7 Filtering and subsetting

Some different examples of extracting particular parts of the play-by-play data.

7.1 Attack after perfect or good reception

Aim: find attacks after perfect or good reception

In the Reception quality section, we added a reception_quality column to our data frame. We can use this now to identify reception-phase attacks, in rallies where reception was good or perfect:

px %>% dplyr::filter(skill == "Attack" & phase == "Reception" & grepl("Perfect|Positive", reception_quality)) %>%
  group_by(team) %>% dplyr::summarize(kill_rate = mean(evaluation == "Winning attack"))
#> # A tibble: 2 × 2
#>   team         kill_rate
#>   <chr>            <dbl>
#> 1 GKS Katowice     0.636
#> 2 MKS Będzin       0.585

7.2 Players on court

Aim: to extract the subset of our plays dataframe that correspond to points where particular players were on court.

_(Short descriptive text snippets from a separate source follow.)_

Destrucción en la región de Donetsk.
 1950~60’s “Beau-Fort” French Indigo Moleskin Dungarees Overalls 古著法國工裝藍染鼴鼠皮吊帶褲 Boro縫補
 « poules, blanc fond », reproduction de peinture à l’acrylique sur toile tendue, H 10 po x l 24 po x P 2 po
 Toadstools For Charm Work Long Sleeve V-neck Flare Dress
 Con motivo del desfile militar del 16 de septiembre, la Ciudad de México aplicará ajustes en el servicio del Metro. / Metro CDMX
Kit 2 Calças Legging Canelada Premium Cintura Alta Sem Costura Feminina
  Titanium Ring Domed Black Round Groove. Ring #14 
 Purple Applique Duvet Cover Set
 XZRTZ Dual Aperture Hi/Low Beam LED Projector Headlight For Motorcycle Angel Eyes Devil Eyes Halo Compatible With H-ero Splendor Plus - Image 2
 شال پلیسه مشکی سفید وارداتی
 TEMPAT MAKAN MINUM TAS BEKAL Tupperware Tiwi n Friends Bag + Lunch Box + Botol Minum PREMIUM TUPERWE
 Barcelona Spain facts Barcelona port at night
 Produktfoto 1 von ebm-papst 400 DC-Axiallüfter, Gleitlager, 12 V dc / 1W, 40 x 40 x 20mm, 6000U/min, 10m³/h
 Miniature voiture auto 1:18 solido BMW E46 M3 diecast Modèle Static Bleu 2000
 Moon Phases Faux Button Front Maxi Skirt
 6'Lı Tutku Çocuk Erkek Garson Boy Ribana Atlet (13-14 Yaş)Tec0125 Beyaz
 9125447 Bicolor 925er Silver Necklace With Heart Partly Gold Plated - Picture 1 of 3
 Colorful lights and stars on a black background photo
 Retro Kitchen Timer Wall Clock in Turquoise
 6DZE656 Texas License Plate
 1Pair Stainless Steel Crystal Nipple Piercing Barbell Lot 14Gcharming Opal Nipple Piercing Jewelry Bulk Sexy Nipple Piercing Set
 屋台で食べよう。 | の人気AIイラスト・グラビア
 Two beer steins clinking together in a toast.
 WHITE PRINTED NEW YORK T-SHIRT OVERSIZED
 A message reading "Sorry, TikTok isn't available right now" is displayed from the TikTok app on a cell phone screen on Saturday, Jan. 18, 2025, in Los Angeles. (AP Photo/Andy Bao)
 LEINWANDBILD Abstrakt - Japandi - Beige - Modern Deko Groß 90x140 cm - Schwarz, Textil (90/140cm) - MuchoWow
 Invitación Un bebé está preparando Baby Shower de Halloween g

First some helper functions:

## find rows where a single player is on court
player_on_court <- function(x, target_player_id, team = NULL) {
  if (!is.null(team)) team <- match.arg(team, c("home", "visiting"))
  ## 'team' is optional here, if NULL then we look at both home and visiting teams
  idx <- rep(FALSE, nrow(x))
  if (is.null(team) || team == "home") {
    idx <- idx | x$home_player_id1 == target_player_id | x$home_player_id2 == target_player_id | x$home_player_id3 == target_player_id |
                 x$home_player_id4 == target_player_id | x$home_player_id5 == target_player_id | x$home_player_id6 == target_player_id
  }
  if (is.null(team) || team == "visiting") {
    idx <- idx | x$visiting_player_id1 == target_player_id | x$visiting_player_id2 == target_player_id | x$visiting_player_id3 == target_player_id |
                 x$visiting_player_id4 == target_player_id | x$visiting_player_id5 == target_player_id | x$visiting_player_id6 == target_player_id
  }
  idx[is.na(idx)] <- FALSE
  idx
}

## find rows where any of our target players are on court
any_player_on_court <- function(x, target_player_ids, team = NULL) {
  ## for each target player, find rows where they are on court
  out <- lapply(target_player_ids, function(pid) player_on_court(x, target_player_id = pid, team = team))
  ## and now find rows where ANY of those players were on court
  apply(do.call(cbind, out), 1, any)
}

## find rows where all of our target players are on court
all_players_on_court <- function(x, target_player_ids, team = NULL) {
  ## for each target player, find rows where they are on court
  out <- lapply(target_player_ids, function(pid) player_on_court(x, target_player_id = pid, team = team))
  ## and now find rows where ALL of those players were on court
  apply(do.call(cbind, out), 1, all)
}

And then we can apply these functions, for example to find rows when both of the players with id BR5 and BR10 are on court:

nrow(px) ## the number of rows in the full dataframe
#> [1] 1652
my_target_player_ids <- c("BR5", "BR10")
px2 <- px[all_players_on_court(px, my_target_player_ids), ]
nrow(px2) ## the number of rows in the filtered dataframe
#> [1] 0

7.3 First transition attack

Aim: find rows corresponding to the first transition attack opportunity in each rally (i.e. after the receiving team has attacked, find the first attack by the serving team).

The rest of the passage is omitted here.